One of the reasons inflation has maintained its grip on the US economy is that US consumers continue to spend, seemingly undeterred by rising prices, which has actually helped fuel them. But how long will all these expenses last?
The combined impact of federal aid in the early months of the pandemic, the ensuing stock market boom, and record unemployment left consumers afloat, prompting many to splurge on everything from homes to new and used vehicles and vacations. But all that spending has helped create a supply squeeze that has led to the very price increases that now plague buyers.
To counter the unprecedented demand for goods and services, the Federal Reserve raised its key rate to a level not seen in years. This caused the stock market to crash, house prices to stop growing, and interest rates for things like automobiles and credit cards to soar.
As a result, economists are increasingly predicting a significant economic downturn.
“With the deterioration of the global economy expected to weigh heavily on exports soon and domestic demand slowing due to soaring interest rates, we believe it will only be a matter of time before the economy starts to contract,” said Andrew Hunter, senior. US economist at research and advisory group Capital Economics, in a note to clients on Wednesday.
But exactly when a recession will hit remains a matter of debate – and could still be a long way off, given a mix of indicators that paint the complex picture of the health of the US economy. This has given some consumers an opening to spend lavishly this holiday shopping season. And this could prove to be the last hurray for Americans’ spending spree before a real economic downturn hits in the coming year.
Few signs of slowing down
There have been few signs of a slowdown in US buying in recent months. Consumer spending rose 0.6% in September, better than the 0.4% expected. Casino operator Caesars Entertainment told investors this week that October was “the strongest month in Las Vegas history” for the company.
This is perhaps the clearest sign of consumer enthusiasm in today’s economy.
Some companies reported record revenue in the last quarter, including Apple, Airbnb, Ohio entertainment venue Cedar Point, General Motors and Samsung.
These high incomes have helped boost the labor market. At a news conference after the announcement of the Federal Reserve’s latest rate hike, Fed Chairman Jerome Powell said demand for workers remained strong, a sign that many companies continued to hire .
“We continue to look for signs that the start of a gradual easing is happening and it may be there, but it’s not obvious to me because wages aren’t falling, they’re just moving sideways to a high level,” Powell said.
In a recent report titled “2022 Holiday Sales: The Last Hurrah,” Wells Fargo economists forecast another healthy, albeit slightly more muted, holiday sales season than the past two years.
“Despite the pandemic, holiday sales grew at a historic rate for the 2020 and 2021 holiday seasons,” the economists wrote. “This year, with pandemic fears now largely in the rearview mirror, consumers are looking forward to a more typical holiday shopping season.”
But simple math dictates that consumers will eventually run out of the means to spend, they write. Notably, the cash reserves that households had built up over the previous two years began to decline.
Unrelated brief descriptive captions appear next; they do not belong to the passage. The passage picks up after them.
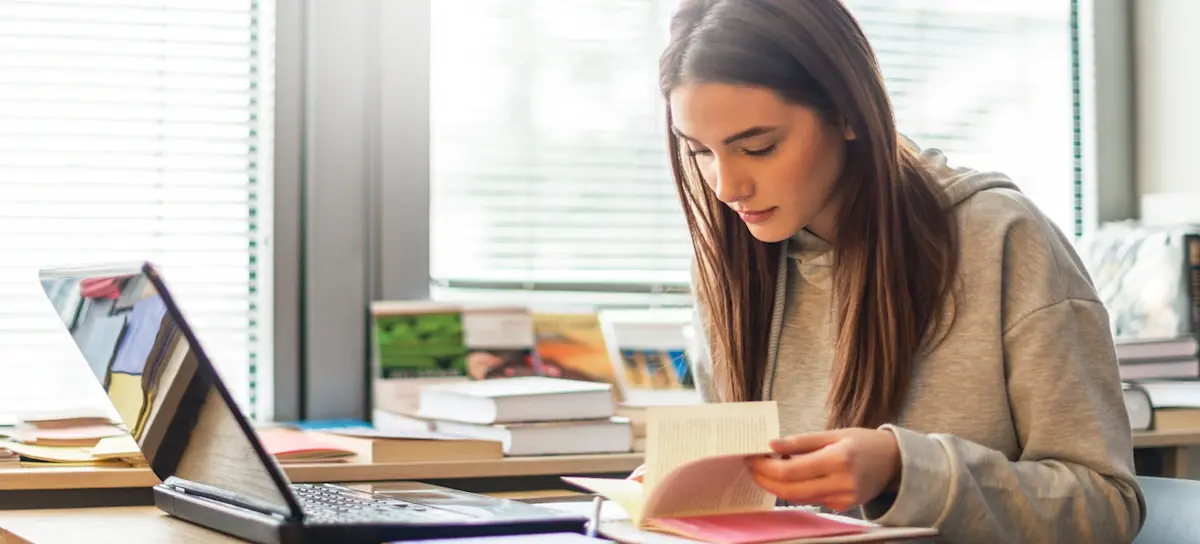 [Featured Image] A person sits with an open book in front of their laptop while studying for a bachelor's degree. 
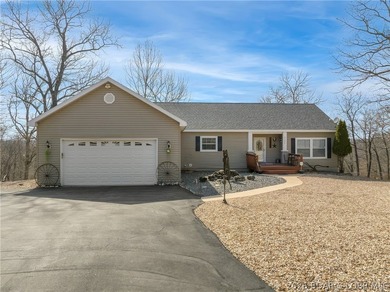 Unique country home with impressive lake views on 1.7 acres & a - photo 1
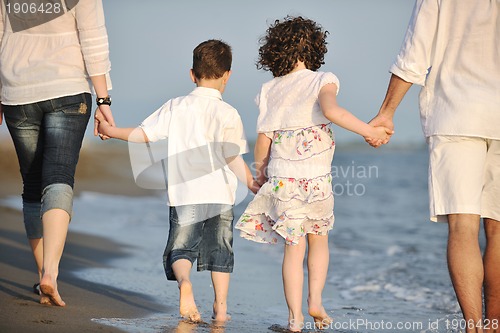 Image of happy young family have fun on beach at sunset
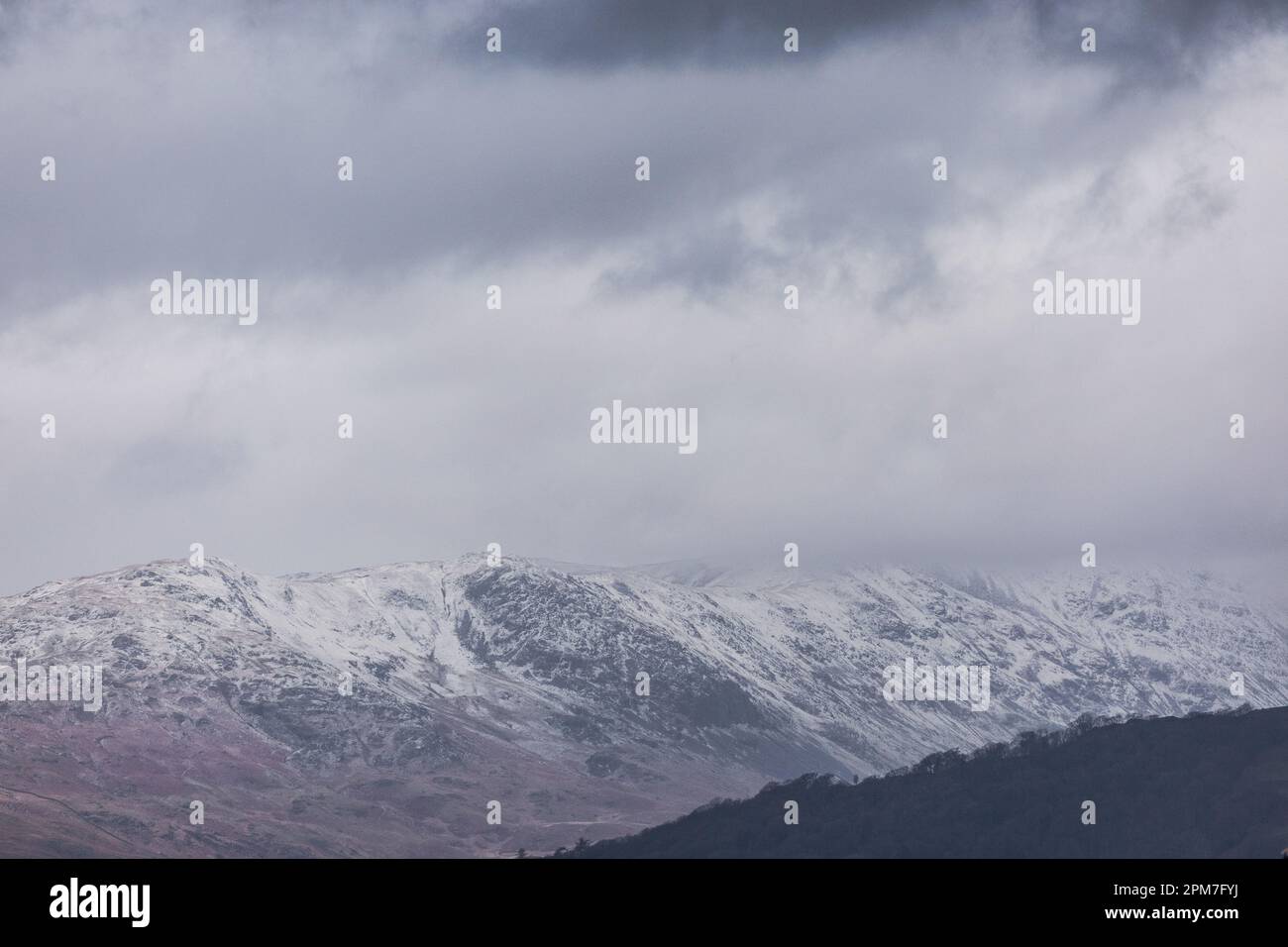 Lake Windermere, Cumbria, UK. 12th April  2023 .UK Weather Snow & hail on fells around   Lake Windermere   Credit: Gordon Shoosmith/ Live News Credit: Gordon Shoosmith/Alamy Live News Stock Photo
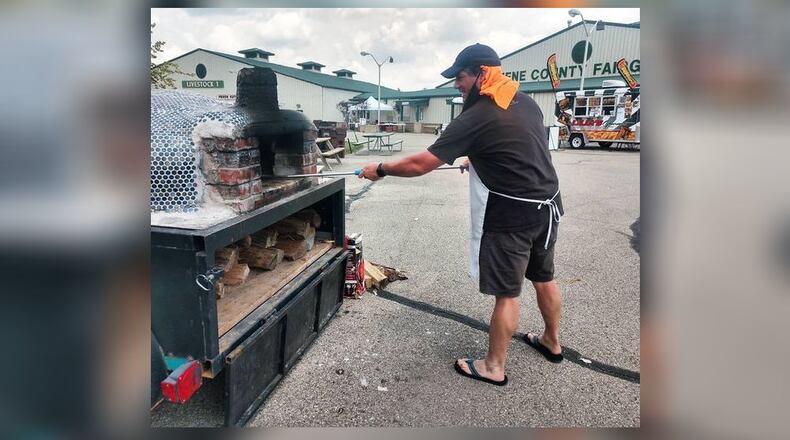 Michael Manning, 45, owner of Pizza Cicerone in Fairfield, prepares pizza in his wood-oven during a food festival at the Greene County Fairgrounds. Pizza Cicerone recently opened inside Swine City Brewery on Industry Drive. SUBMITTED PHOTO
This is happening at the same time that people are saving less and wages in many cases are not keeping up with inflation.
“The sand is running out of the hourglass,” Wells Fargo senior economist Tim Quinlan said in a follow-up interview with NBC News.
The likely downturn will be moderate, he said, resembling more the bursting of the dot-com bubble in 2000 than the Great Financial Crisis of 2008 or the dramatic fall of the pandemic in the spring of 2020.
“Consumers will say, ‘It’s not sustainable. I can’t always eat the corn seeds and use my savings to fund my lifestyle where I spend more than I earn,'” Quinlan said.
But consumers should hold up well this holiday season, experts say. In a survey of nearly 5,000 shoppers, Deloitte found that 74% of respondents said they would spend more or the same during the holidays than they did a year ago. This compares with 75% who said the same in 2021.
“It’s going to be a good, strong season,” said Rodney R. Sides, vice president and head of US retail at Deloitte. “We’re not going to set any records, but the consumer continues to pull us through.”
Of course, that doesn’t change the facts of the inflation age: consumers are losing purchasing power, simply because their dollar hasn’t gone as far as it did last year. But they’ve proven remarkably resilient, said Kayla Bruun, economic analyst at Morning Consult.
“But how quickly that tank of fuel will run out, we’re not really sure,” Bruun said. “Because of the strength of the labor market, which has been the driver that has been able to do this, things seem to be holding up.”